>>>>

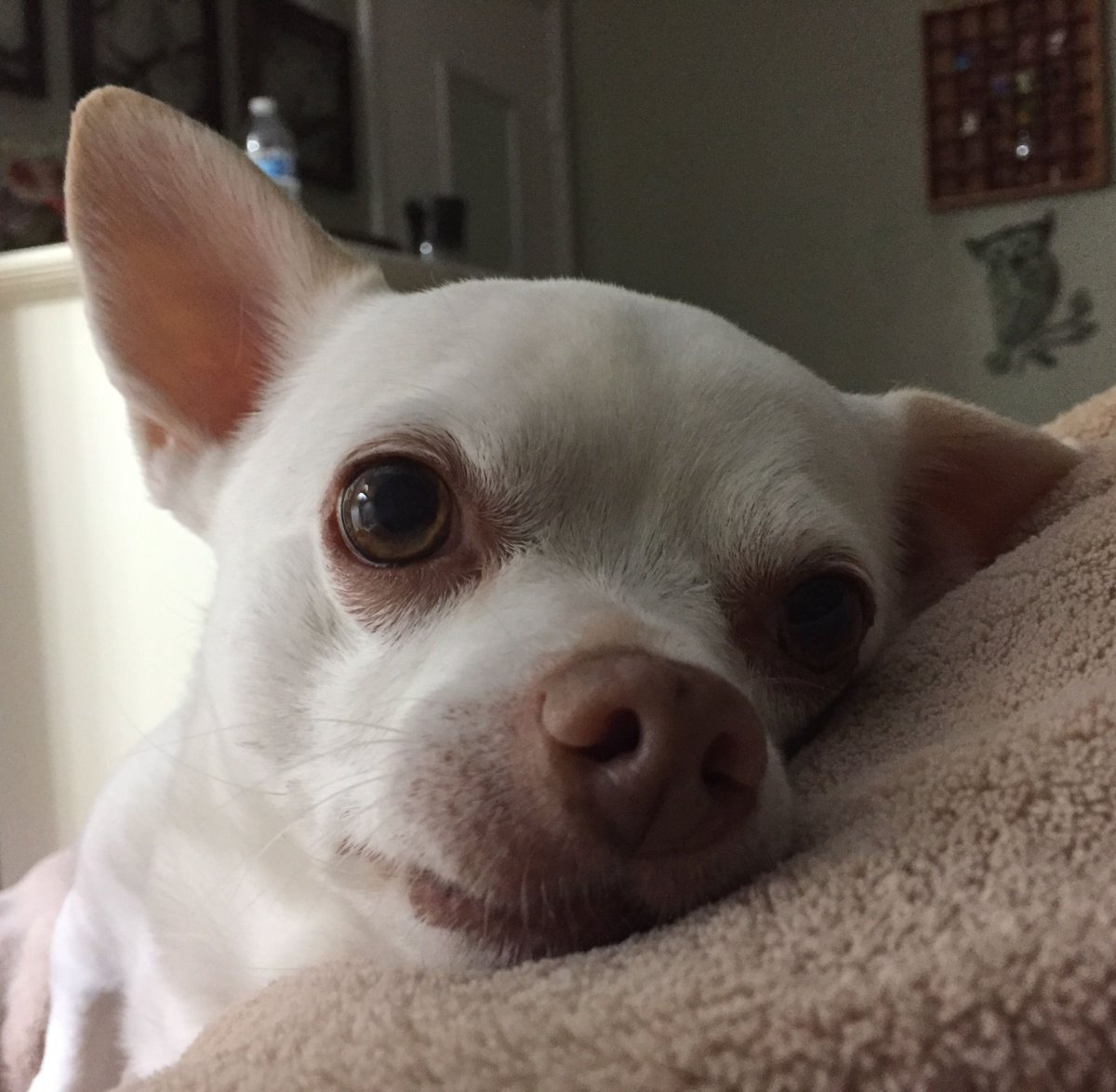 Собачка с накрашенными бровями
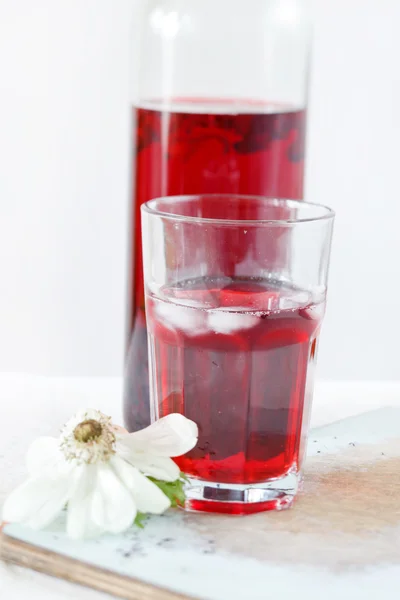 Herbata hibiskus lato — Zdjęcie stockowe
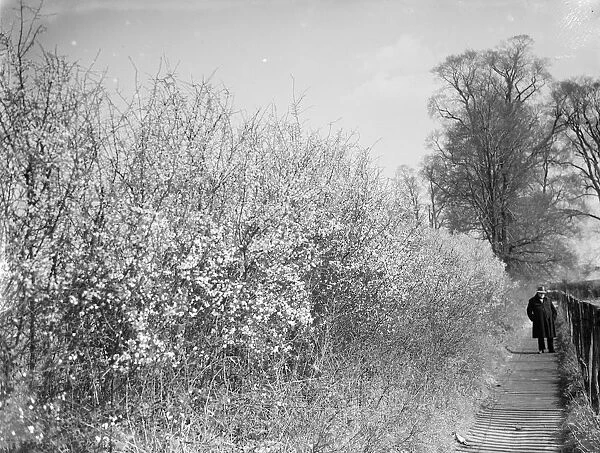 Blackthorn blossom in Farningham, Kent. 1936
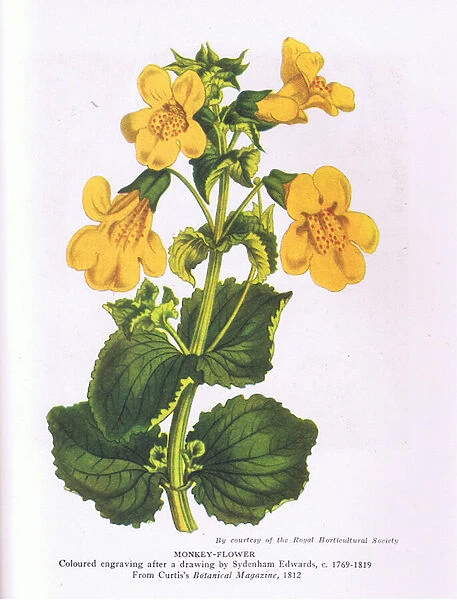 Monkey Flower, Nature in Britain published by Collins 1946 (colour litho)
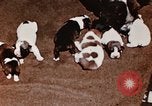 Image of invasion of Iwo Jima Iwo Jima, 1945, second 30 stock footage video 65675056757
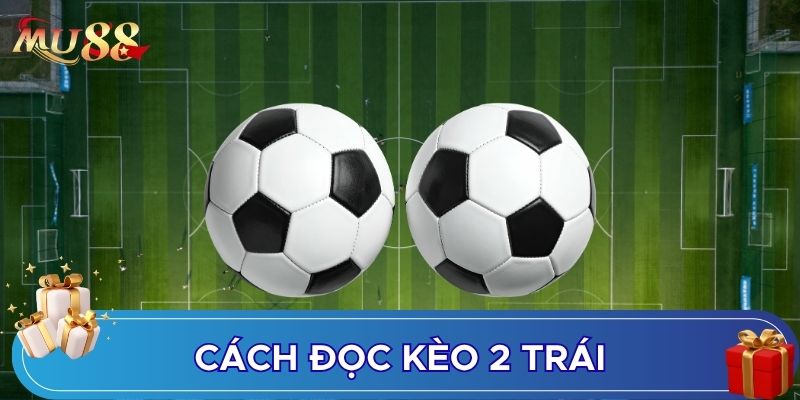 Cách đọc kèo 2 trái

<<<<

Since the copy must exclude the pictures, transcribe only the text of the records, word for word.

Result of this task:
 Собачка с накрашенными бровями
 Herbata hibiskus lato — Zdjęcie stockowe
 Blackthorn blossom in Farningham, Kent. 1936
 Monkey Flower, Nature in Britain published by Collins 1946 (colour litho)
 Image of invasion of Iwo Jima Iwo Jima, 1945, second 30 stock footage video 65675056757
 Cách đọc kèo 2 trái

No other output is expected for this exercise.